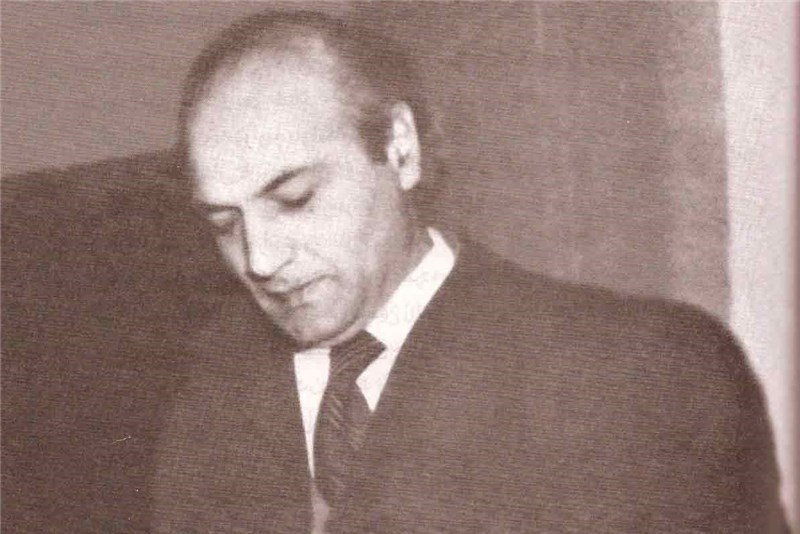 علی شریعتی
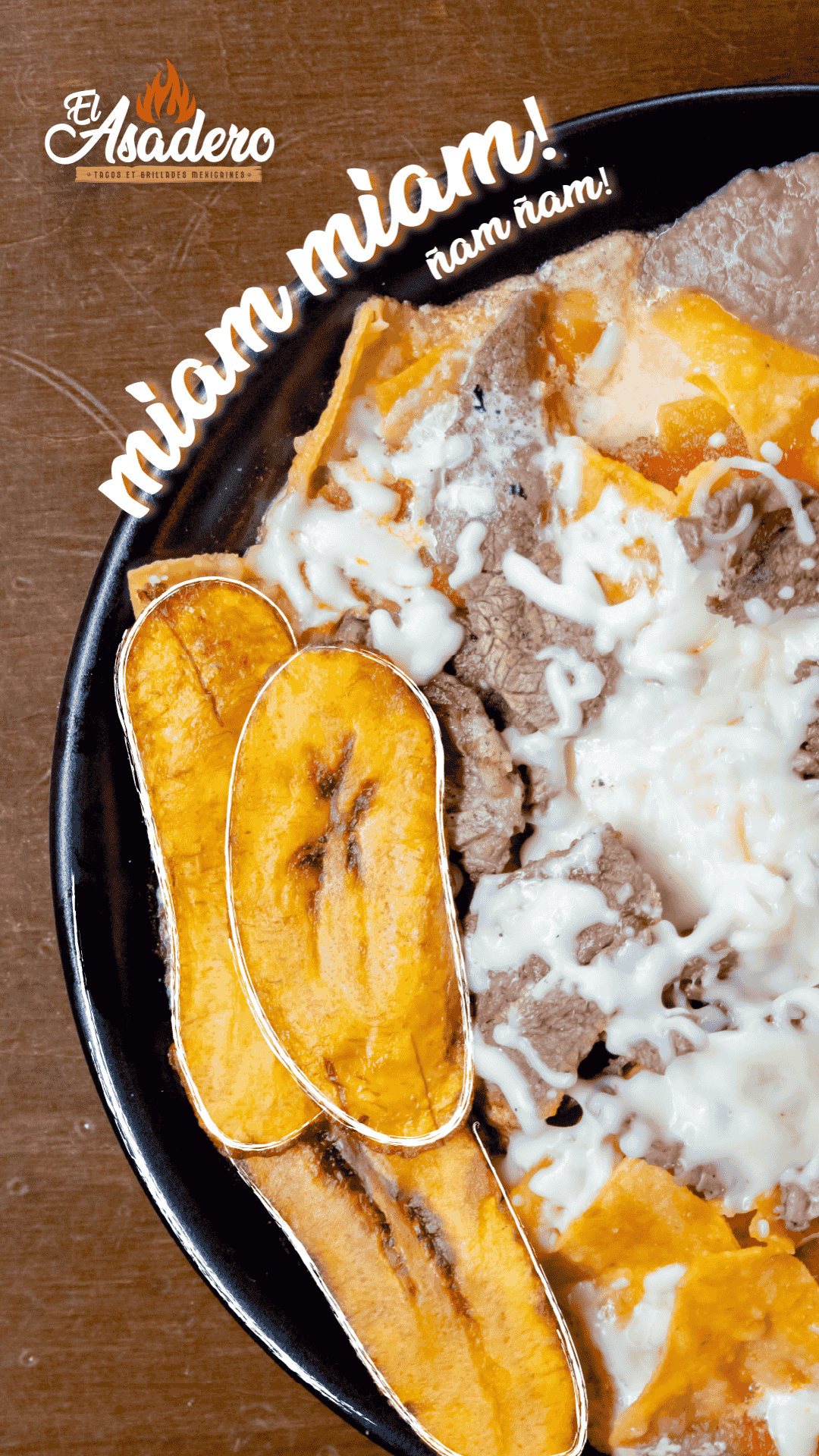 El Asadero restaurant mexicain Montréal-Nord — ambiance et plats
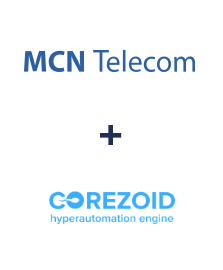 Інтеграція MCN Telecom та Corezoid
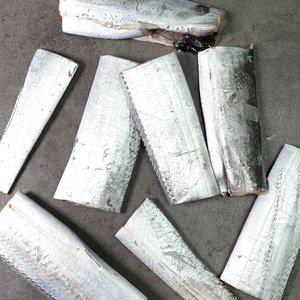 [바다성찬]제주 못난이 은갈치 150gx3미(총12토막/450g내외)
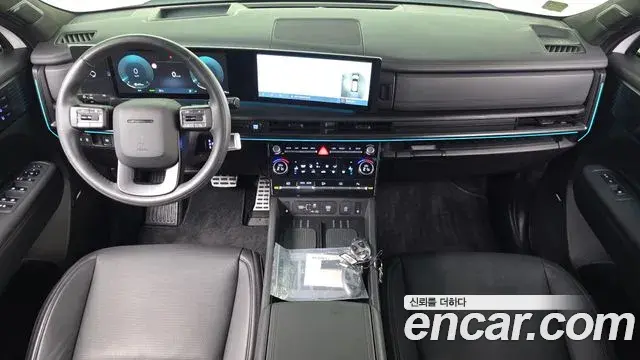 Hyundai Santa Fe 2024 — Photo 6/20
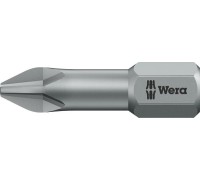 Бита для заворачивания WERA 851/1 TZ PH3, 25 мм WE-056525 WE-056525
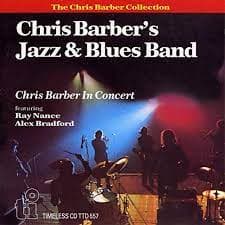 Chris Barber : Concerts CD Pre-Owned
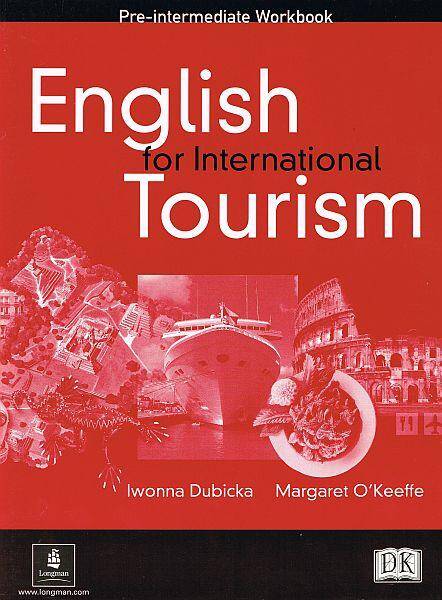 English for International Tourism Pre-Intermediate Workbook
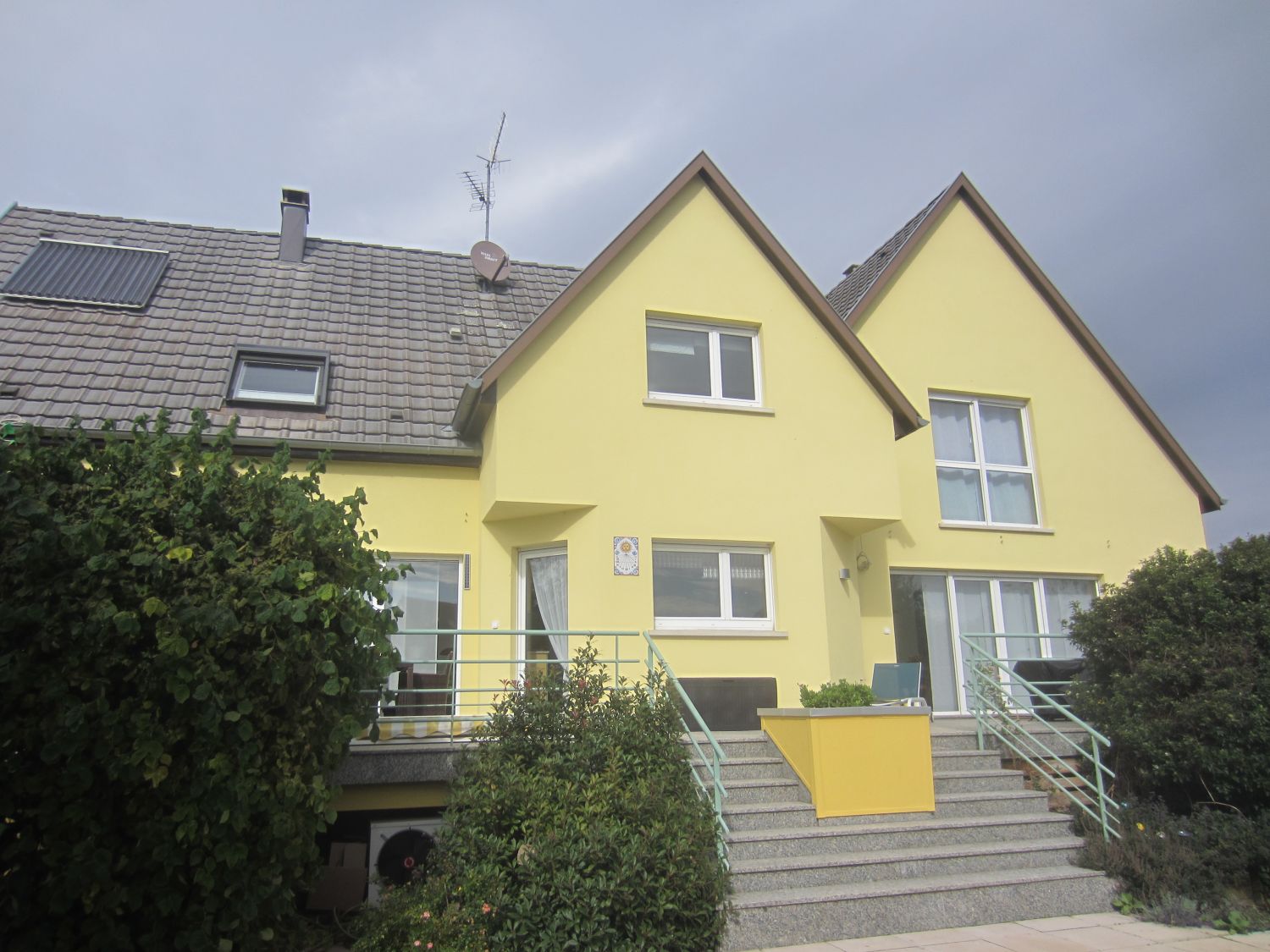 gite Le Piano vue de l'ext&eacute;rieur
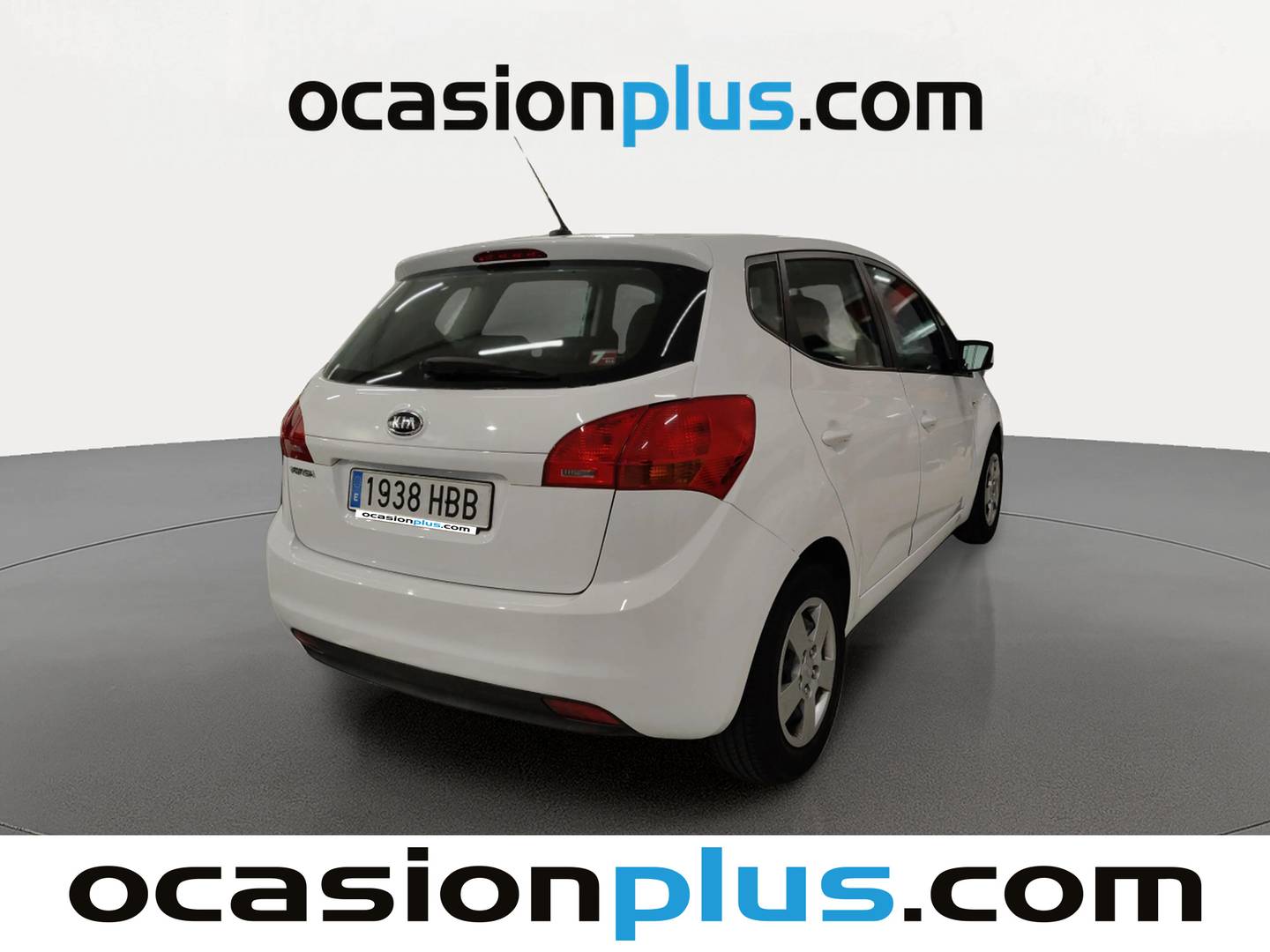 Foto KIA Venga Kia Venga 1.4 CVVT Concept (90 CV)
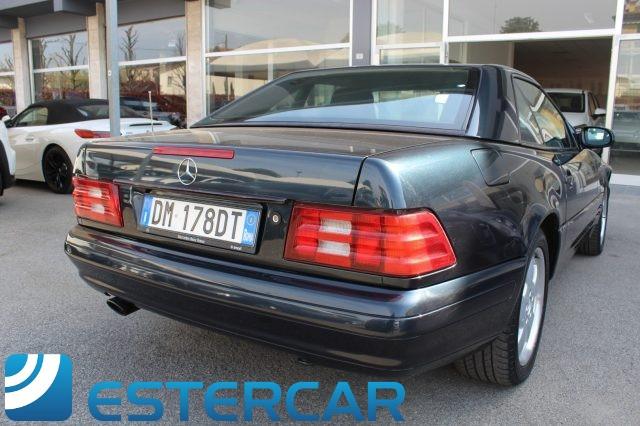 MERCEDES-BENZ SL 320 V6 Avantgarde PERFETTA ASI R129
==============================
> **What to produce**
Print again, word for word, every line from the line with "Chris Barber : Concerts CD Pre-Owned" to the final line of the records, inclusive; skip the pictures.

> **Written response**
 Chris Barber : Concerts CD Pre-Owned
 English for International Tourism Pre-Intermediate Workbook
 gite Le Piano vue de l'ext&eacute;rieur
 Foto KIA Venga Kia Venga 1.4 CVVT Concept (90 CV)
 MERCEDES-BENZ SL 320 V6 Avantgarde PERFETTA ASI R129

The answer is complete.